■ Supplied information:
###
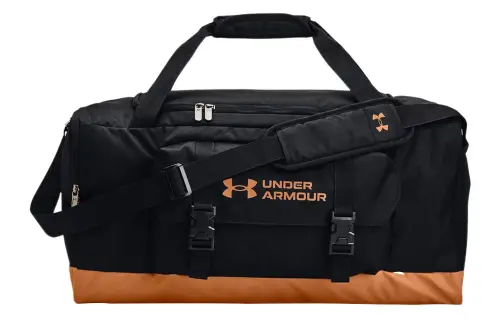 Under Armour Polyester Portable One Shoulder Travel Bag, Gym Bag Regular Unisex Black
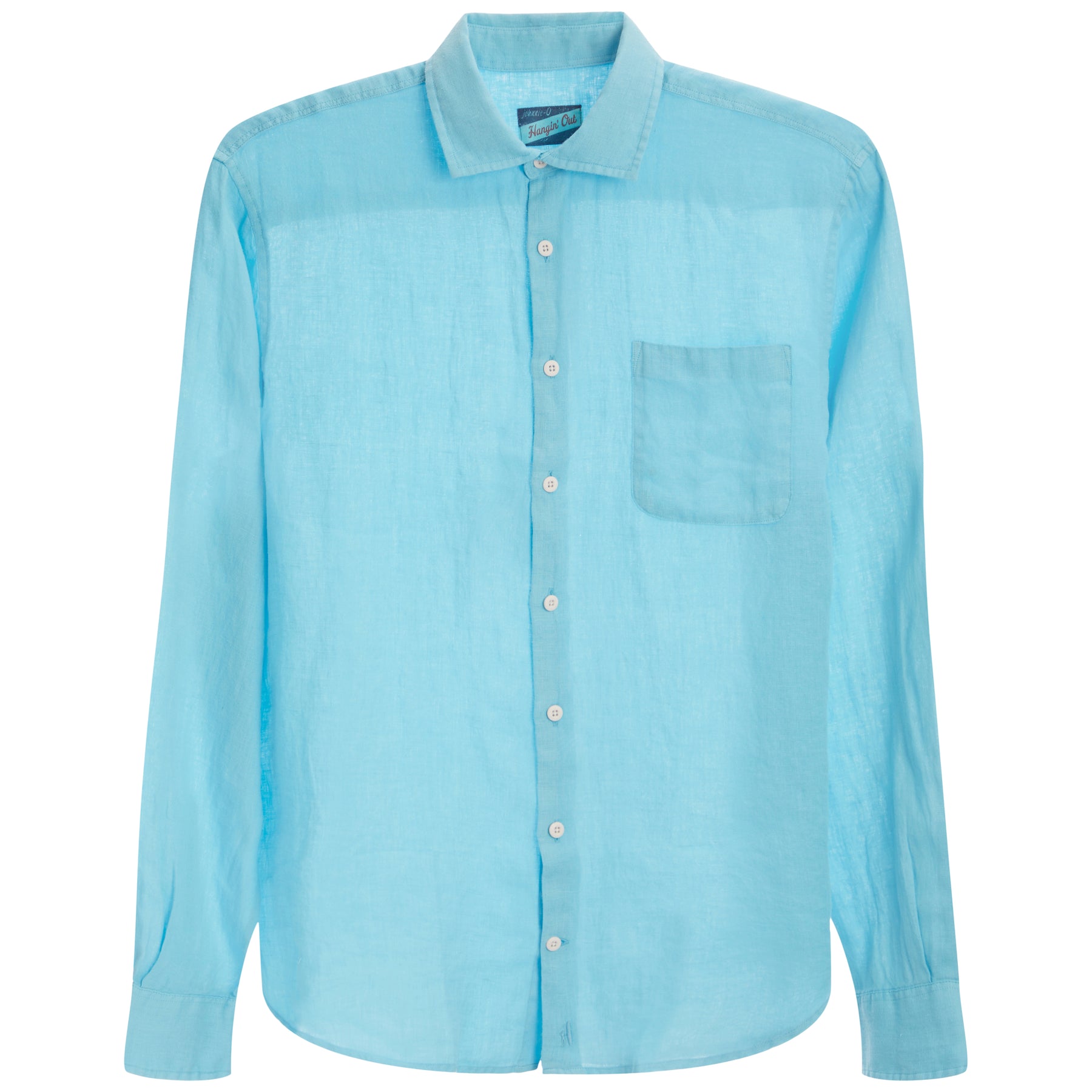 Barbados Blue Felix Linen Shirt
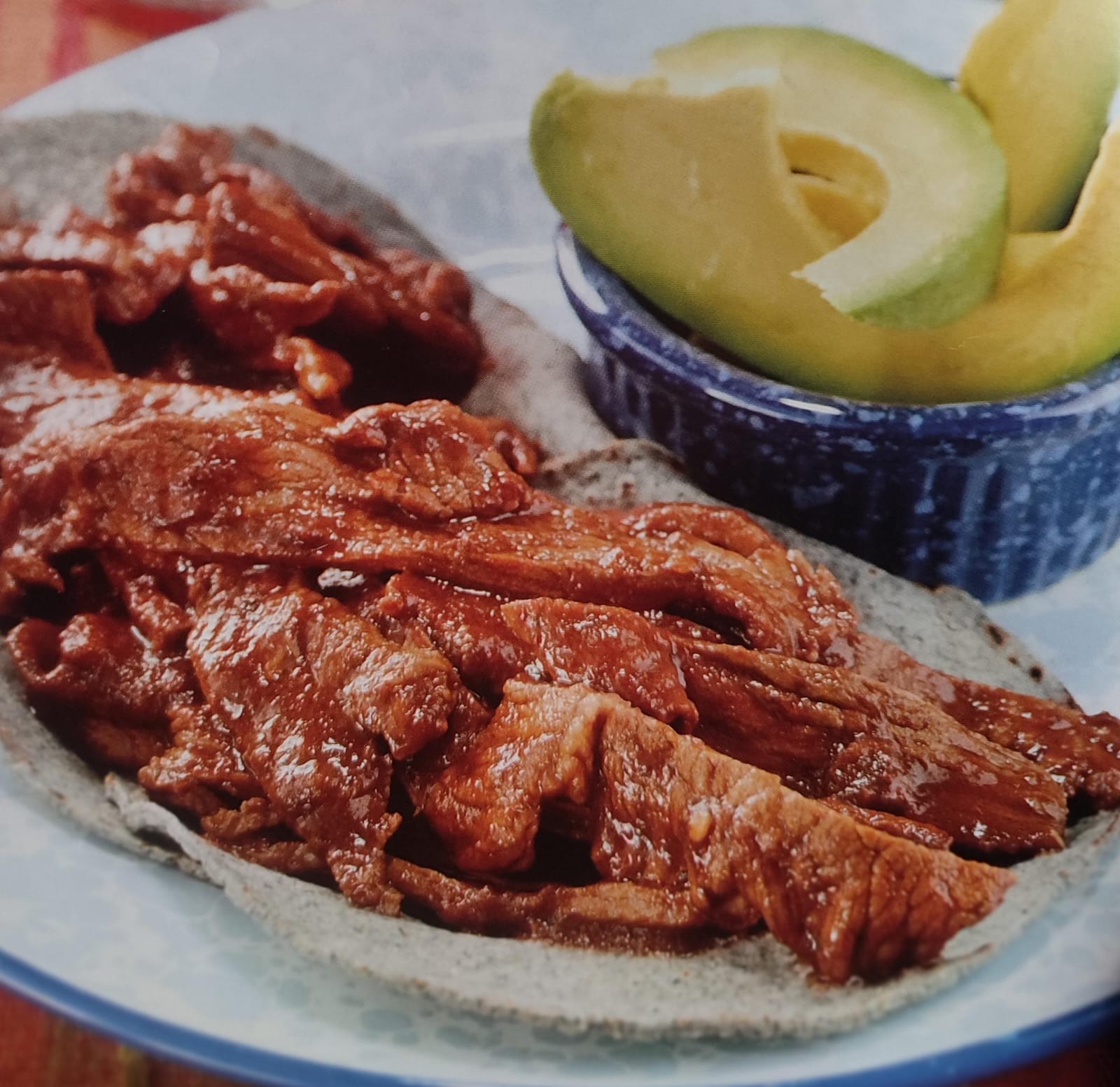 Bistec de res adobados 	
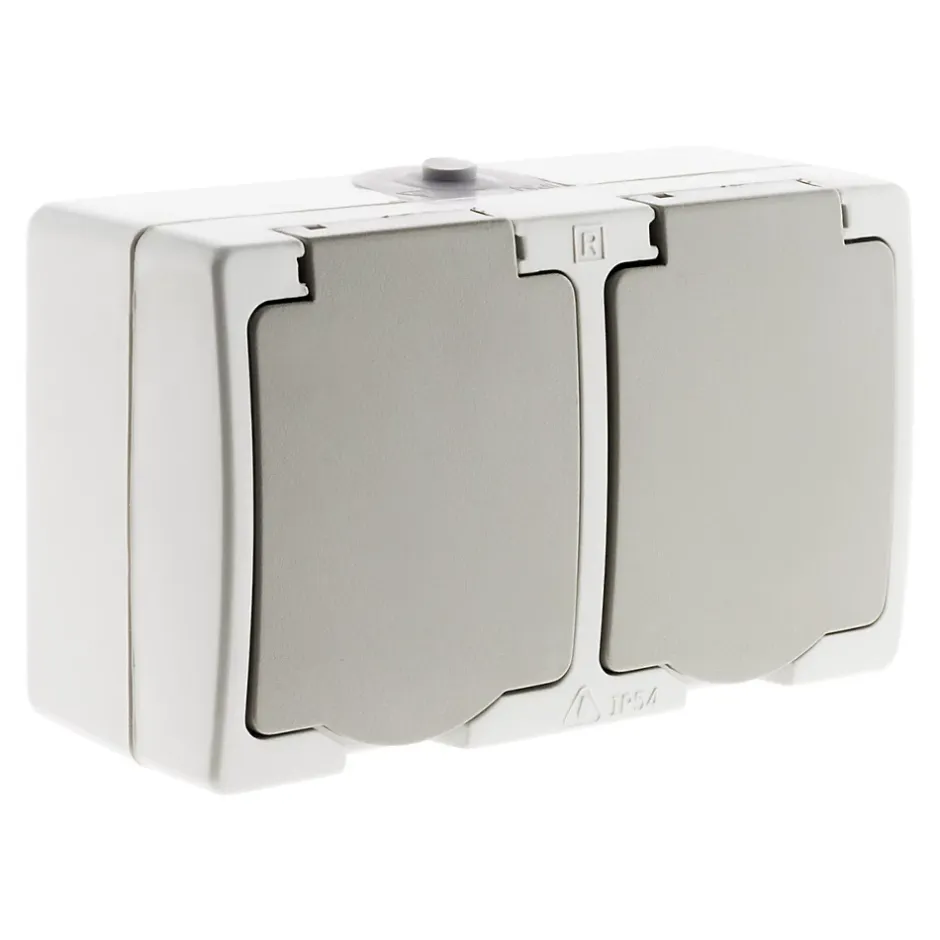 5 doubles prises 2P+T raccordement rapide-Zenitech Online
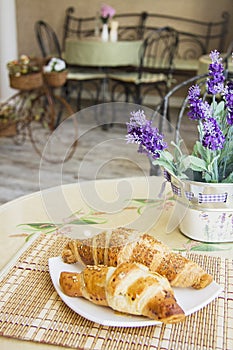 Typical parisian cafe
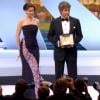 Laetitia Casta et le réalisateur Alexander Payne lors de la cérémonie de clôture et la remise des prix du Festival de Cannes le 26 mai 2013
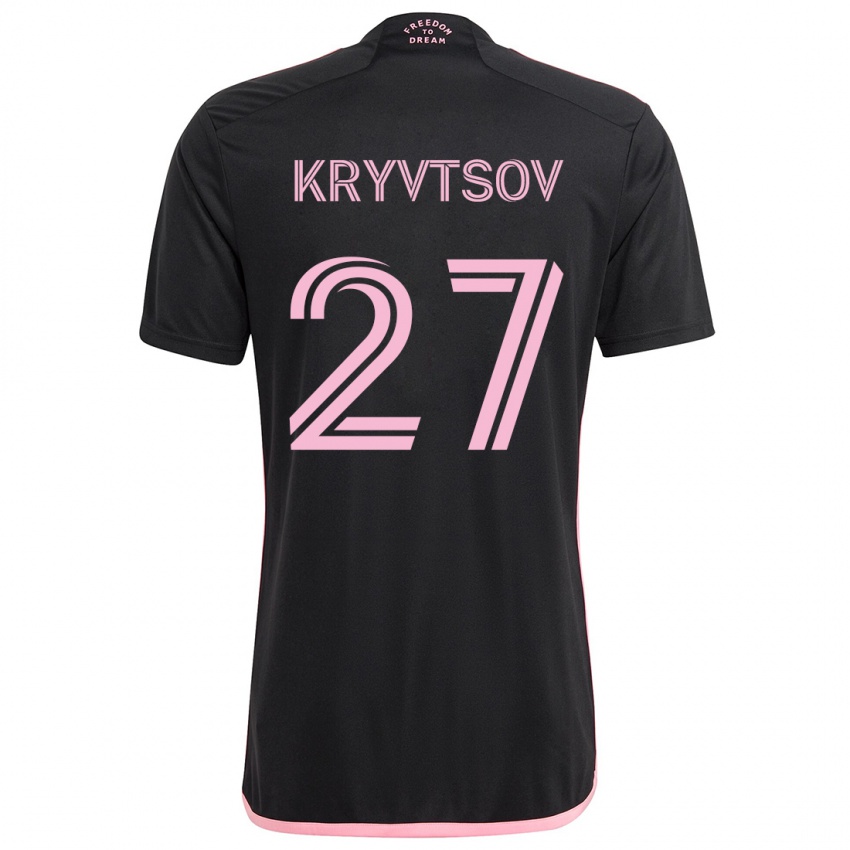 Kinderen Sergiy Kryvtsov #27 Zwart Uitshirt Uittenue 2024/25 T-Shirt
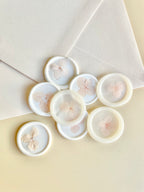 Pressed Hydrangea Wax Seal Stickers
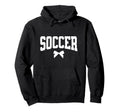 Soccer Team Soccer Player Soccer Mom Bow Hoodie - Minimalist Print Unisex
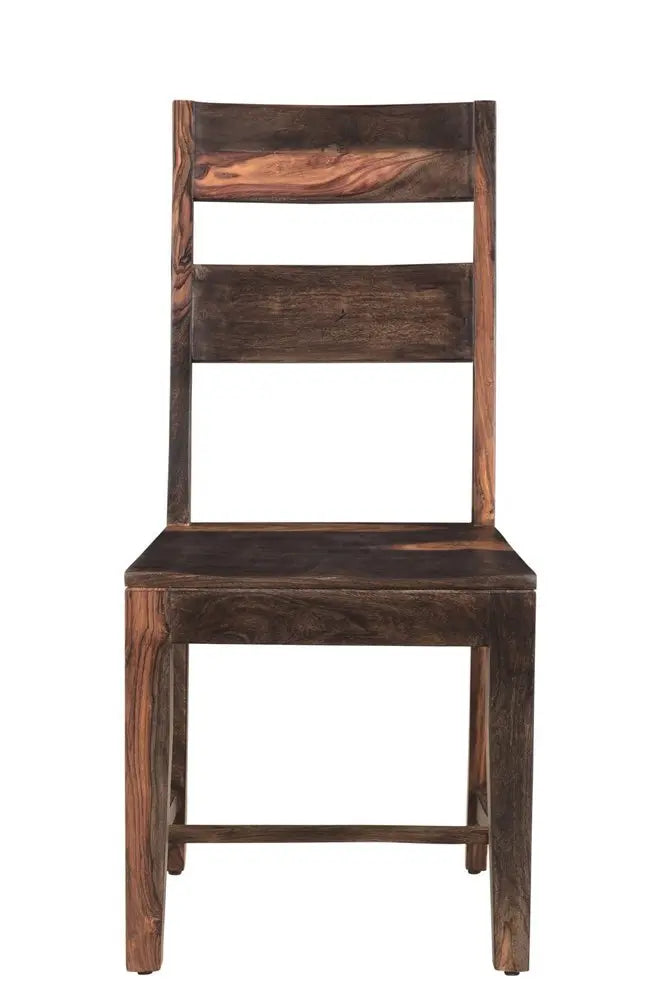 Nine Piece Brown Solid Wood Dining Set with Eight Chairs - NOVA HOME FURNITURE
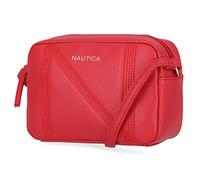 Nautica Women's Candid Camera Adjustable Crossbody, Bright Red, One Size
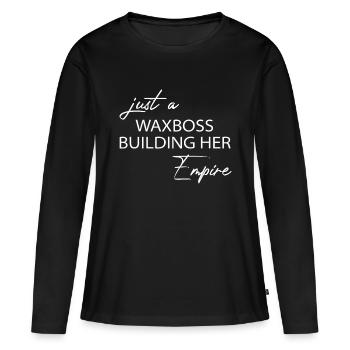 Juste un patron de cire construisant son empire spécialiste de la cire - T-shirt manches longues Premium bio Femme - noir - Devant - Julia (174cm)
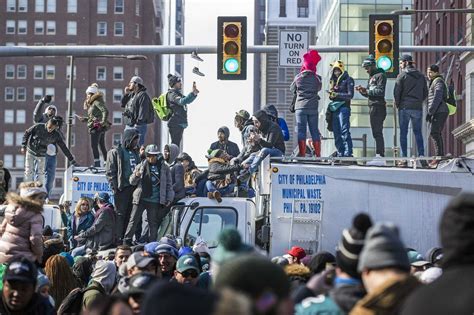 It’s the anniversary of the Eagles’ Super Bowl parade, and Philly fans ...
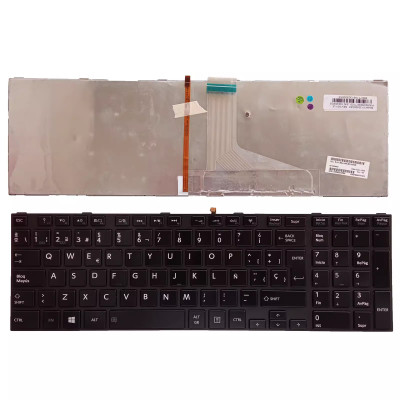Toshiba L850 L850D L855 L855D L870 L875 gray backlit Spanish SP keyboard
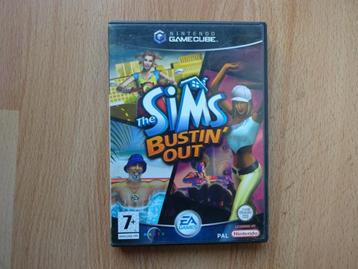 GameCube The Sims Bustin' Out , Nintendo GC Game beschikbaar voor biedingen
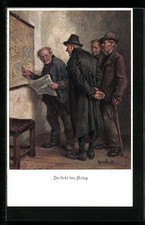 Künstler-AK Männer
###
■ What you need to do:
Your reply is to be an exact repeat of the listing above from the line holding "Bistec de res adobados" down to the line holding "Juste un patron", ends included, pictures excluded.

■ Answer to this problem:
 Bistec de res adobados 	
 5 doubles prises 2P+T raccordement rapide-Zenitech Online
 Typical parisian cafe
 Laetitia Casta et le réalisateur Alexander Payne lors de la cérémonie de clôture et la remise des prix du Festival de Cannes le 26 mai 2013
 Kinderen Sergiy Kryvtsov #27 Zwart Uitshirt Uittenue 2024/25 T-Shirt
 Pressed Hydrangea Wax Seal Stickers
 Soccer Team Soccer Player Soccer Mom Bow Hoodie - Minimalist Print Unisex
 Nine Piece Brown Solid Wood Dining Set with Eight Chairs - NOVA HOME FURNITURE
 Nautica Women's Candid Camera Adjustable Crossbody, Bright Red, One Size
 Juste un patron de cire construisant son empire spécialiste de la cire - T-shirt manches longues Premium bio Femme - noir - Devant - Julia (174cm)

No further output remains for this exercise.